By   /   3 Marzo 2012  /   Commenti disabilitati su Cancellara asfalta le Strade Bianche

Se uno pensa al ciclismo si immagina una gran bella strada asfaltata, magari qualche salita, discesa o qualche collina, ma in gruppo c’è un uomo che il ciclismo lo interpreta in modo diverso. Il suo nome è Fabian Cancellara, e quando il gioco si fa duro, lui incomincia a giocare. L’asfalto nelle sue gambe sembra non fare attrito, così lo svizzero cerca qualcosa che lo possa impegnare. Che siano dei semplici ciottolati, le pietre della Parigi-Roubaix o delle strade sterrate a lui non fa alcuna differenza, sa di essere imbattibile ed ogni volta cerca l’impresa.

Quest’oggi Fabian Cancellara ha “asfaltato” le Strade Bianche conquistando una vittoria che mancava da 8 mesi (campionato nazionale svizzero ndr) un’eternità per un fuoriclasse come lui.

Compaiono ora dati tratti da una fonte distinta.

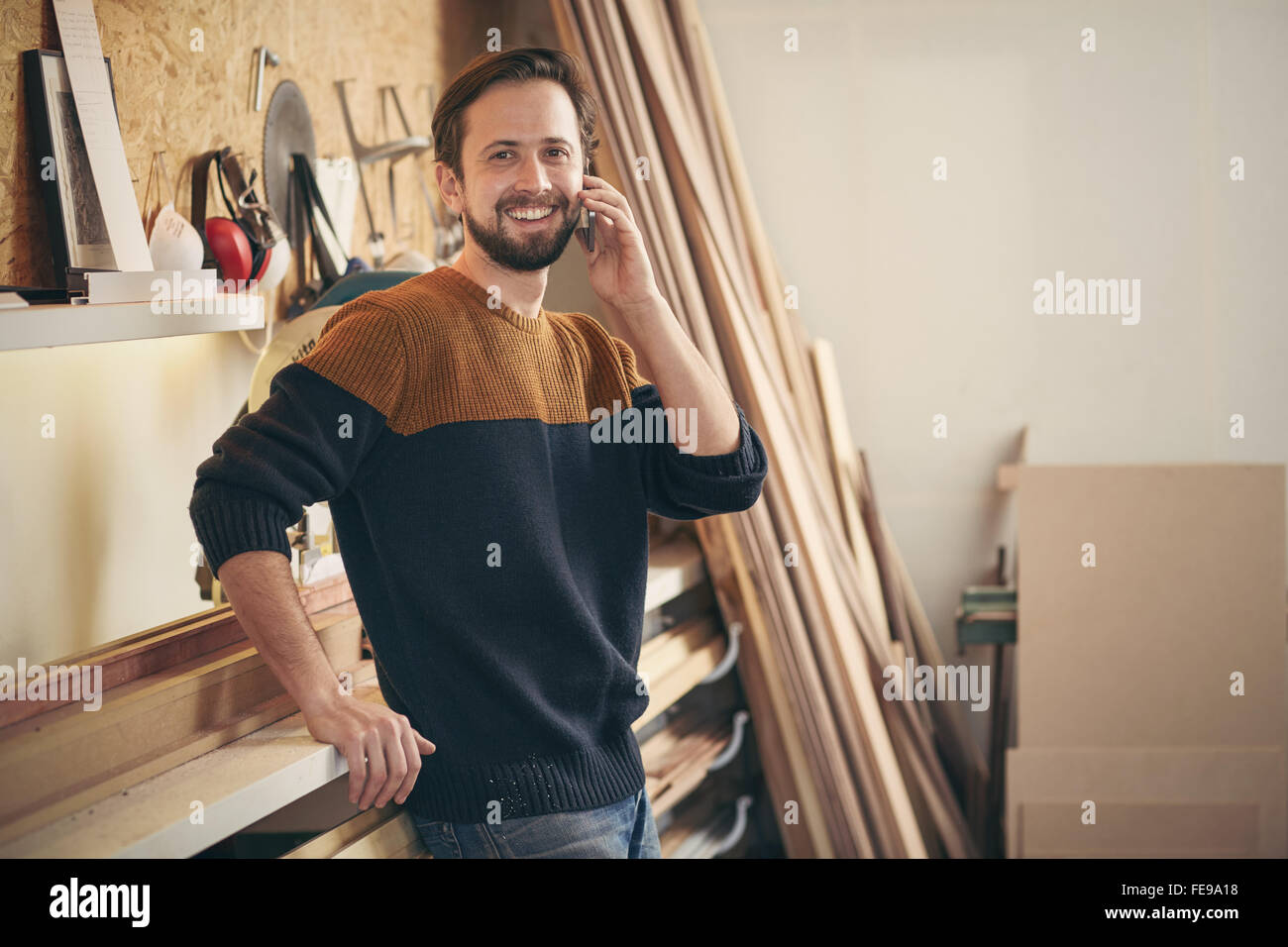 Ritratto di un giovane uomo sorridente mentre si parla sul suo telefono cellulare e in piedi casualmente nella sua officina per la lavorazione del legno Foto Stock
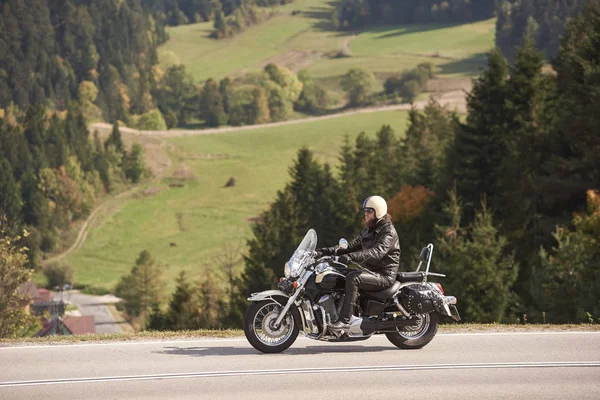 ヘルメット サングラス 黒革の衣類が狭いアスファルトの道に沿ってクルーザー バイクに乗って背の高い木々 やグリー草の背景の日当たりの良い夏の日にひげを生やしたモーターサイク リストの側面図 — ストック写真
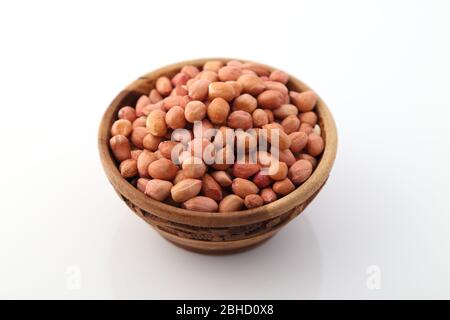 Arachidi o arachis crudi in una ciotola di legno su sfondo bianco Foto Stock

La sesta edizione delle Strade Bianche è stata corsa vera fin dai primi chilometri quando un buon Daniele Bennati ha tentato la fuga da lontano con Daniel Oss. Ai due italiani non è andata bene ma il coraggio è da premiare, come da lodare è la prestazione di Alessandro Ballan che, grazie ad un’azione degna del campione del mondo di Varese, ha spezzettato il gruppo “facendo fuori” un uomo come Philippe Gilbert, vincitore lo scorso anno.

Nel gruppetto di testa però c’era un personaggio che quando sprigiona la sua potenza è difficile stargli dietro. Cancellara infatti, lungo un tratto di strada bianca in salita, si è tolto tutti da ruota con un’azione delle sue ed è arrivato al traguardo di Siena con ben 42″ di vantaggio su Maxim Iglinskiy, ex vincitore di questa corsa. Sul gradino più basso del podio è arrivato un promettente Oscar Gatto.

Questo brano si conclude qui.